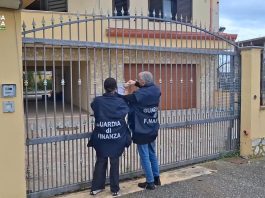 Reggio Calabria, confisca di oltre 20 milioni di euro a imprenditori legati alla ‘ndrangheta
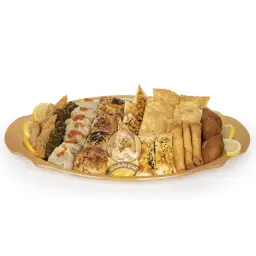 مشكل حجازي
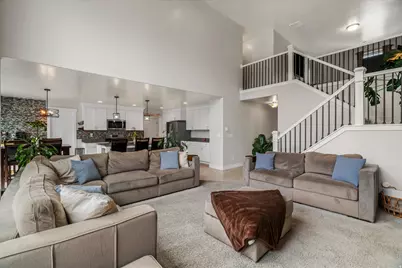 12483 S Desert Mesa Dr #851, Herriman, UT 84096 - Photo 7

++++++

**Task objective**
Repeat the material above exactly. Leave every picture out of it.

**Response to the exercise**
 Reggio Calabria, confisca di oltre 20 milioni di euro a imprenditori legati alla ‘ndrangheta
 مشكل حجازي
 12483 S Desert Mesa Dr #851, Herriman, UT 84096 - Photo 7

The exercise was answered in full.